Don’t worry – Finance will make sure we all pay up
Saturday 26th June 2010, 3:00PM BST.
THIS week heralded the latest round in the business community versus the public of the Island tax battle.
The new strategy document, we are told, has been issued because of a crippling gap that could now arise because our existing zero-ten corporate tax scheme does not satisfy the spirit of the European Union’s Code of Conduct on business taxation.
Our ministerial masters had thought that they had that one done and dusted, but given that it will not be discussed by the EU until September at the earliest, they are left pondering the unpalatable alternatives – and say they would like us to express preferences through the usual consultation channels.
Niftily, and in order to try to persuade us (erroneously) that business tax and personal tax are two different things, the documents are split.
The consultation paper for individual taxpayers suggests that three measures are to be taken: control of public spending, economic growth, and the all-important one, raising taxes.
We know of course about public spending. They are trying. We know much less about economic growth, which seems to have been put on the back burner of late.
As for raising taxes, this section is further divided into four options: pay more GST; pay more in Social Security; pay higher rates; and pay more individual income tax.
As the week has progressed, it looks as if Social Security increases are a cert. My guess is that higher property rates might follow – although heaven preserve us if anything like the UK council tax should be proposed.

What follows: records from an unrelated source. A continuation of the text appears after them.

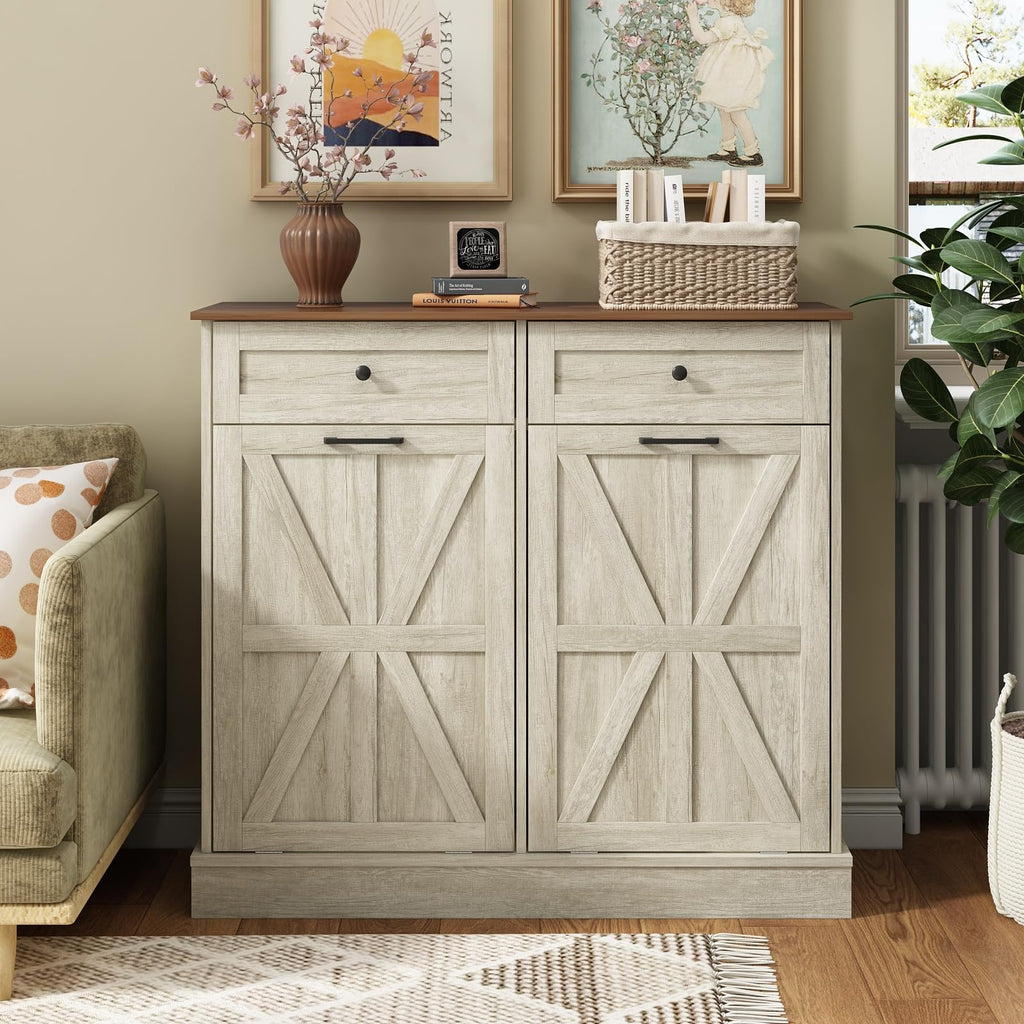 Double Tilt Out Trash Bin Holder Walnut White Wooden 10 Gallon Z37359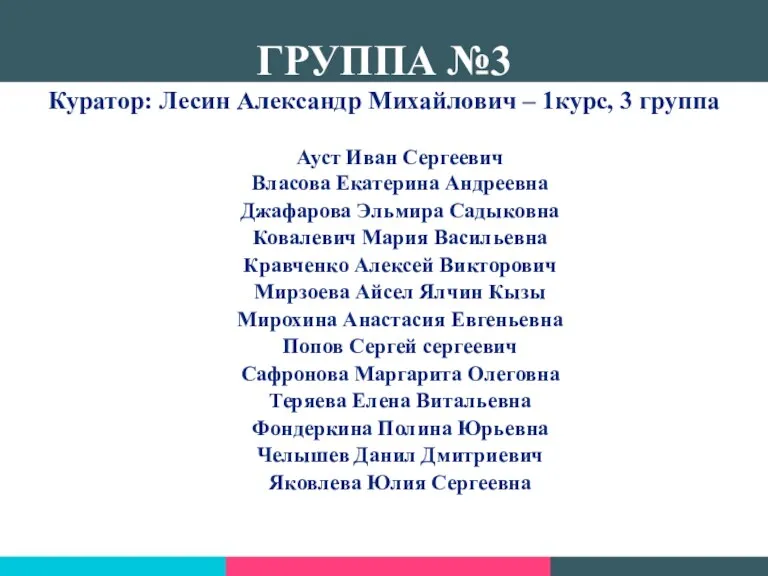 ГРУППА №3 Куратор: Лесин Александр Михайлович – 1курс, 3 группа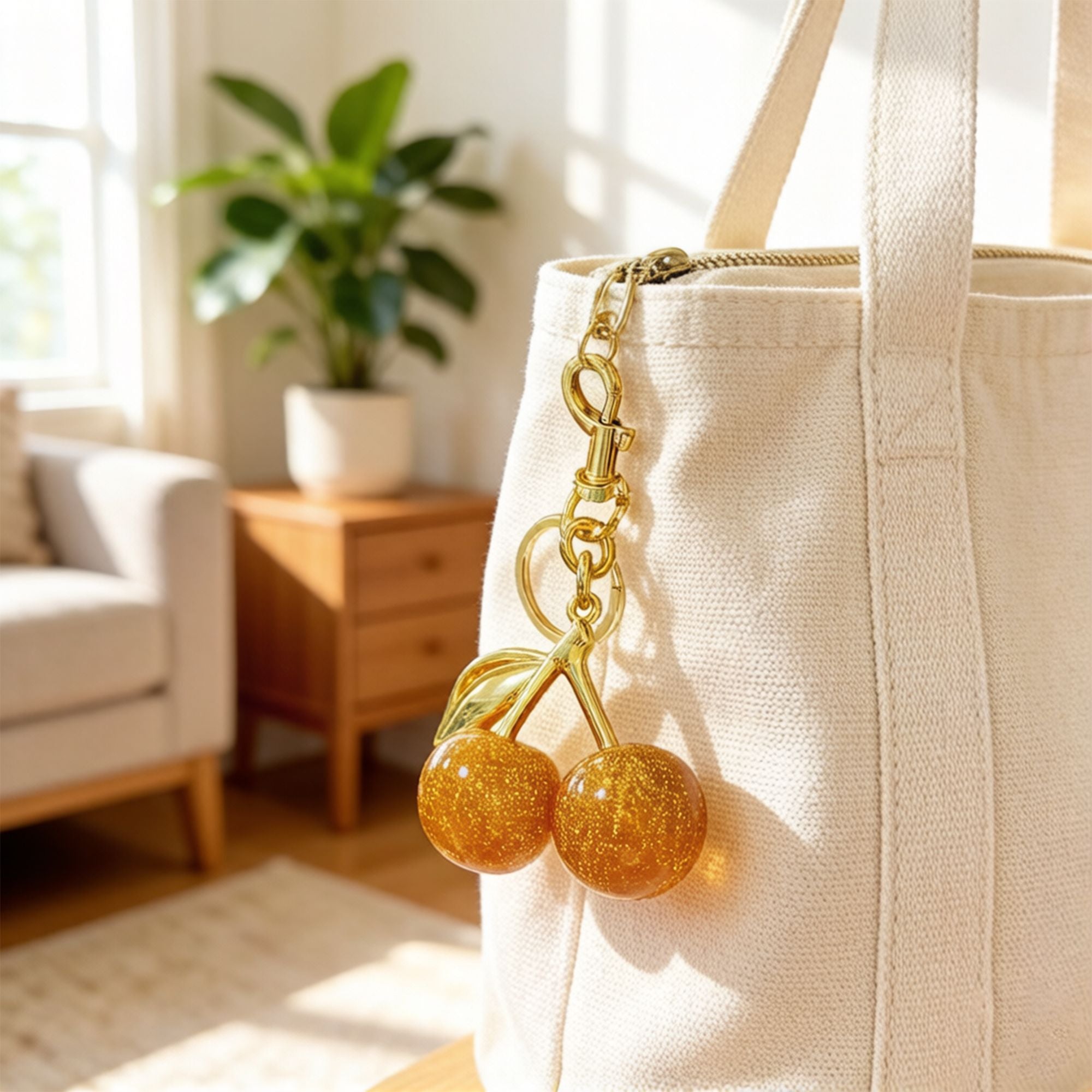 Cherry Charm Keychain with Glitter Fruit Pendant Gold Tone Clip and Key Ring Bag Accessory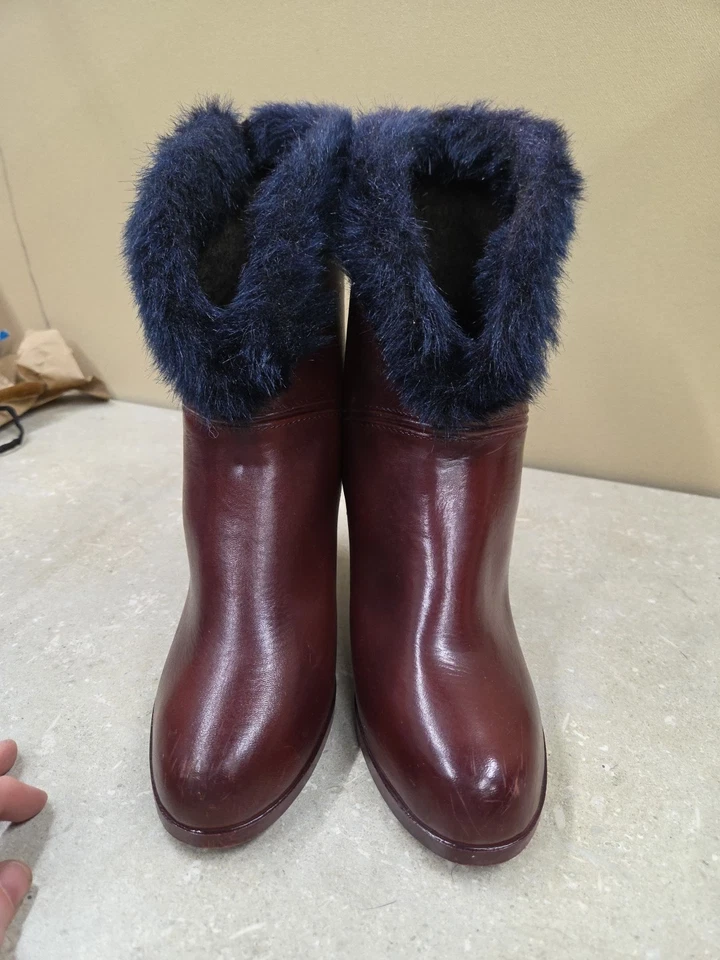 Бургундские ботинки искусственного меха отделки блок каблук зимние модные размер 7 - Изображение 3 из 4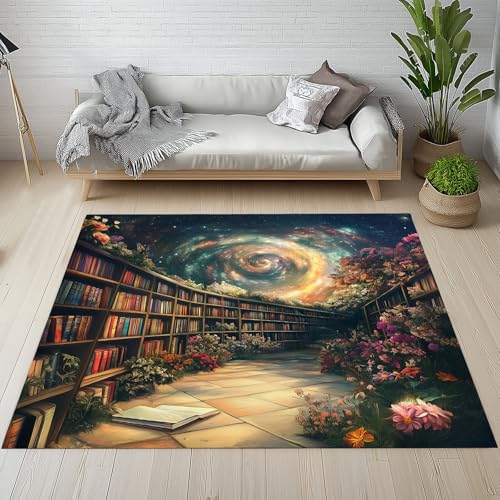 Sshjfeu Großer Teppiche, Traumhafte Bücherregal Teppich Wohnzimmer 200x300, Bibliothek Bücher Teppich Waschbar rutschfest Kurzflor Weich, Blumenmuster Nebel Teppiche für Schlafzimmer, Kinderzimmer Sshjfeu Großer Teppiche, Traumhafte Bücherregal Teppich Wohnzimmer 200x300, Bibliothek Bücher Teppich Waschbar rutschfest Kurzflor Weich, Blumenmuster Nebel Teppiche für Schlafzimmer, Kinderzimmer von Sshjfeu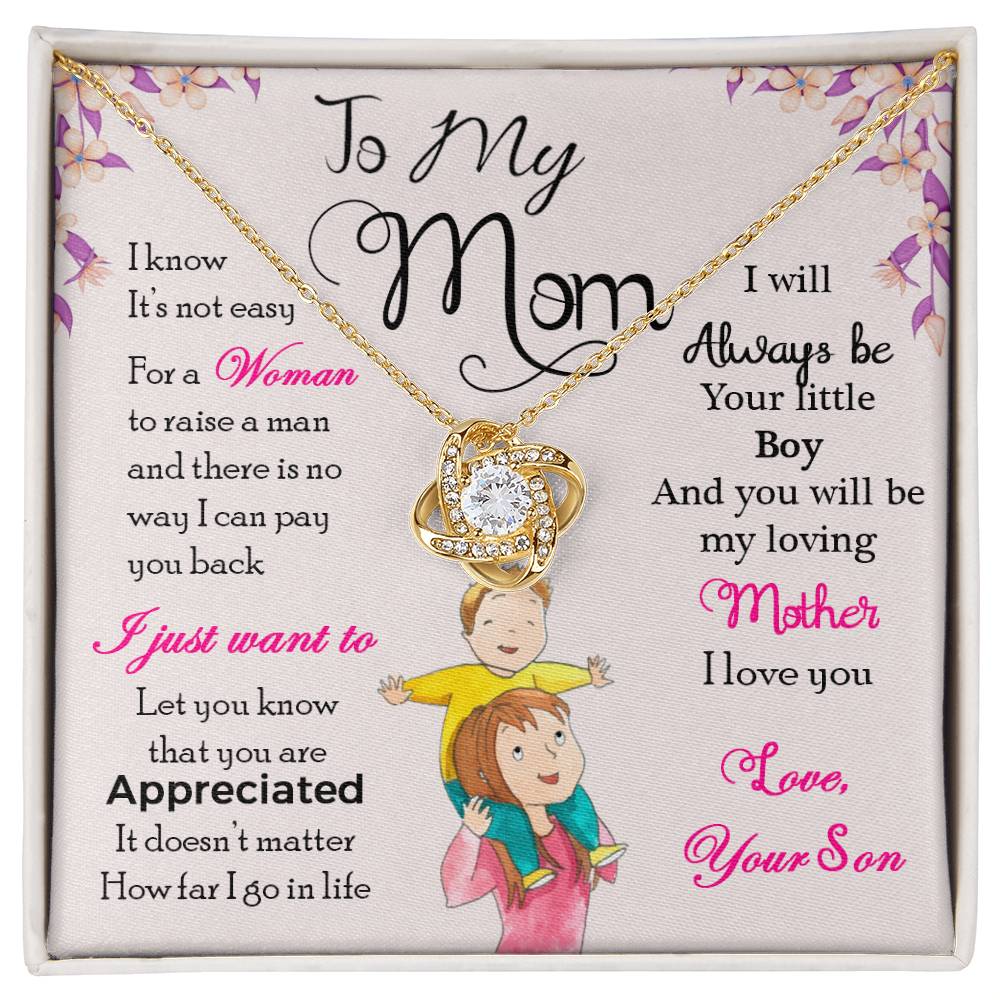 To My Mom Necklace – "I Will Always Be Your Little Boy" Meaningful Jewelry Gift for Christmas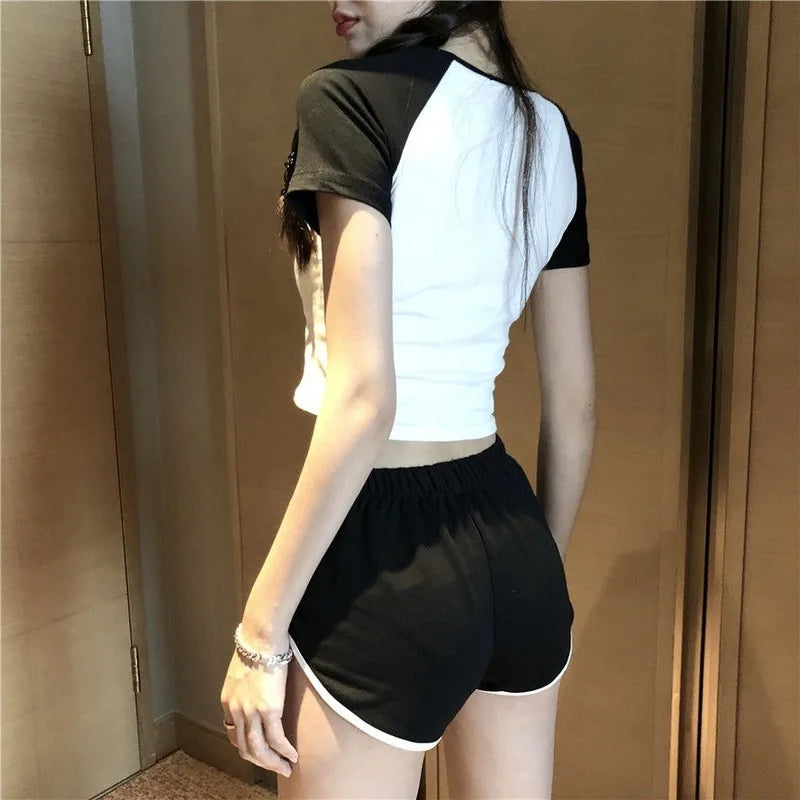 Women'S Short Sleeve T-Shirt and High Waist Shorts, Sport Tops, Tee, Casual, Black, White, Summer, 2 Pcs, 2024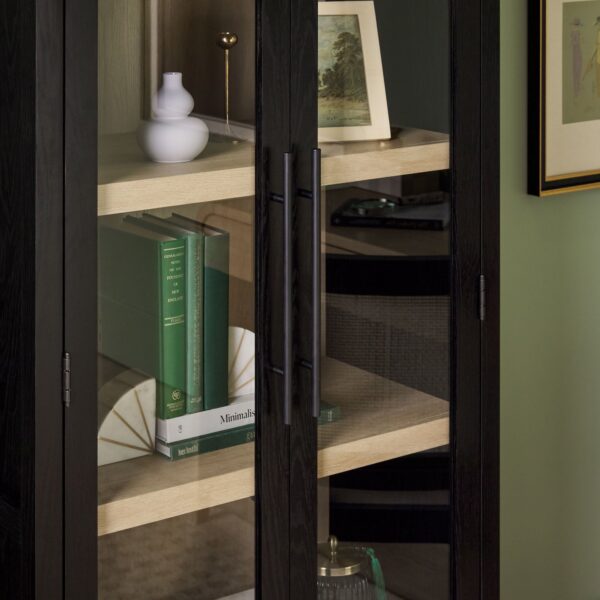 Chantelle Modern Arched Bookshelf with Glass Doors - Image 6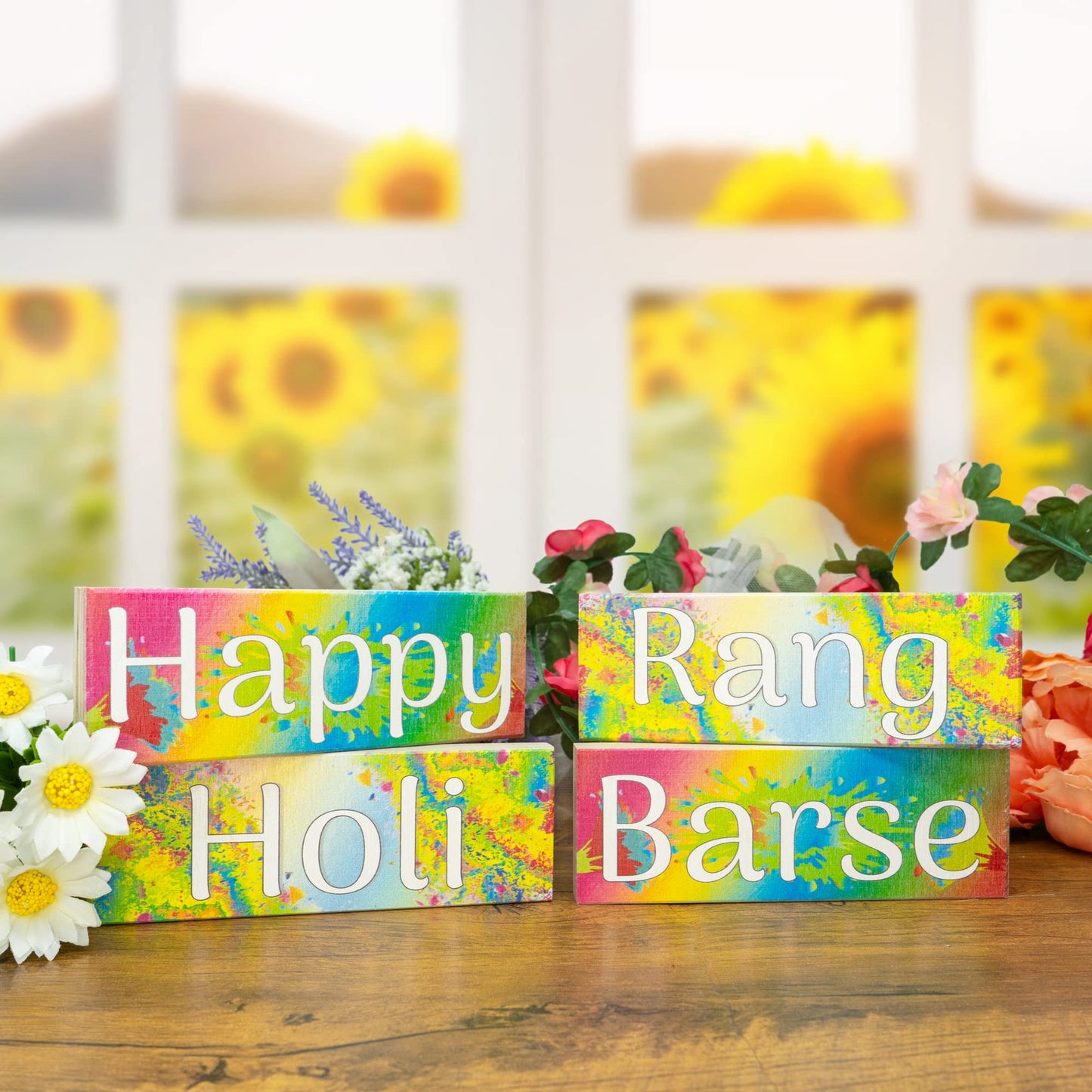 JennyGems Happy Holi Rang Barse Wooden Signs, Holi Decorations Party Supplies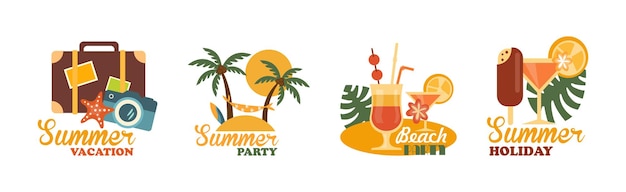 Summertime holiday and beach vacation label vector set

Moving swiftly on to the second document, businesses are being asked to comment on five options. These, no doubt, have been helpfully provided by some of our brighter tax specialists who will have been hard at work, behind the scenes and in their spare time, feeding through lots of useful information via the Chief Minister’s Office.
Whatever the final choice, the aim must be to bring more finance business to Jersey and keep ahead of competitors like Guernsey (who have plumped for a ten per cent flat tax), as well as keeping the system relatively simple to administer.
The decision makers will probably be taking more than a cursory glance at the ‘territorial’ system, which is in operation in Hong Kong and Singapore – and has already had the thumbs-up from the UK.
There is also the option of abolishing corporate tax altogether. What public wrath that might incur is anyone’s guess. One thing’s for sure: the Very Hungry Finance Industry will be doing its damndest to make sure that we, and not it, end up with a larger slab of the tax balancing act.
And our ministerial respresentatives will be singing right along with the same hymn sheet.